--- What the task asks ---
Output the full listing below exactly, without the pictures.

--- Collected data ---
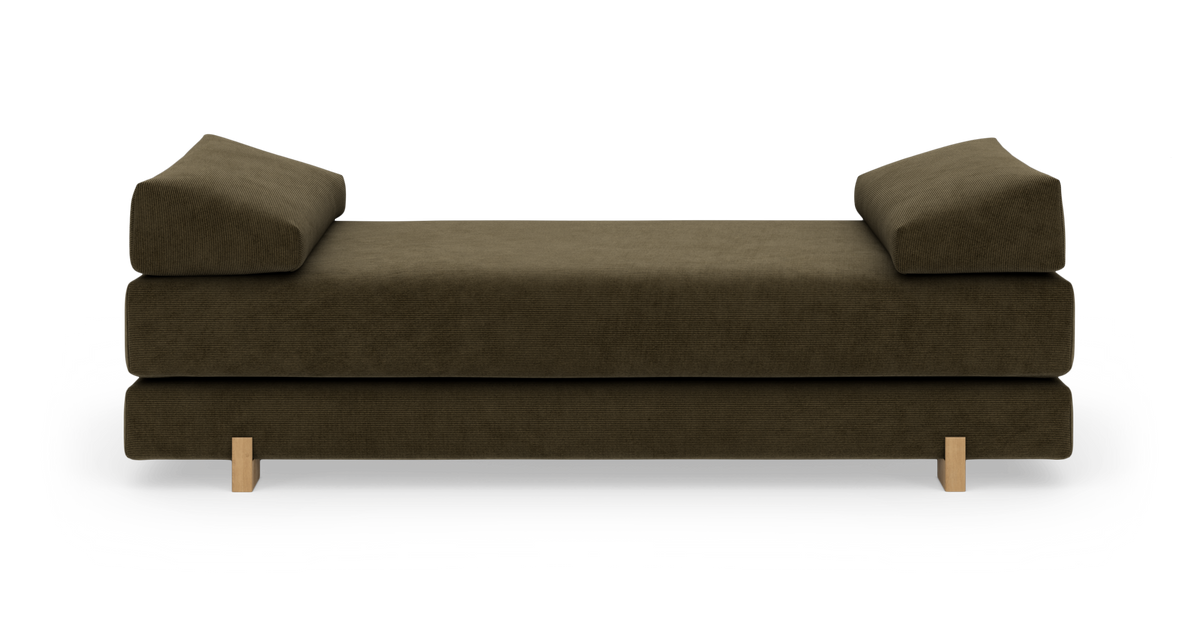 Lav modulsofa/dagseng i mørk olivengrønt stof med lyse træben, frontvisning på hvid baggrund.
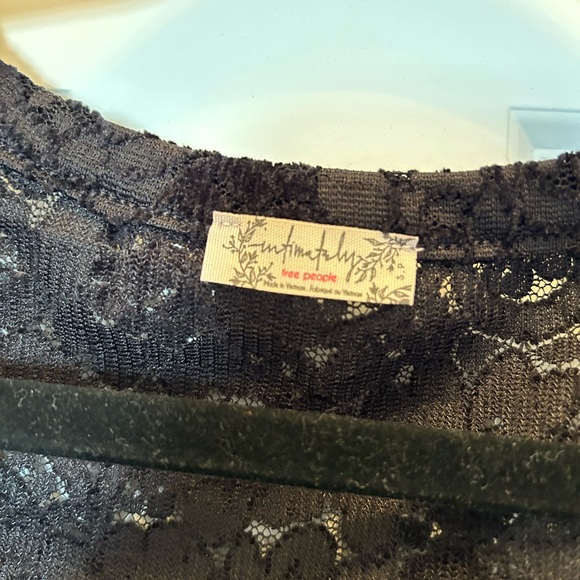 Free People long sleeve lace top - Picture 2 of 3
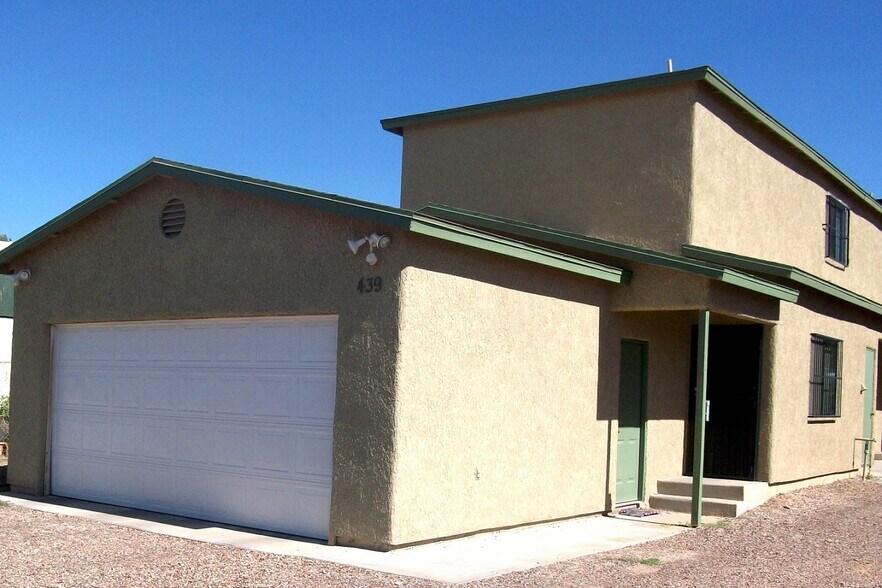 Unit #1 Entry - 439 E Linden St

--- Result for this task ---
 Lav modulsofa/dagseng i mørk olivengrønt stof med lyse træben, frontvisning på hvid baggrund.
 Free People long sleeve lace top - Picture 2 of 3
 Unit #1 Entry - 439 E Linden St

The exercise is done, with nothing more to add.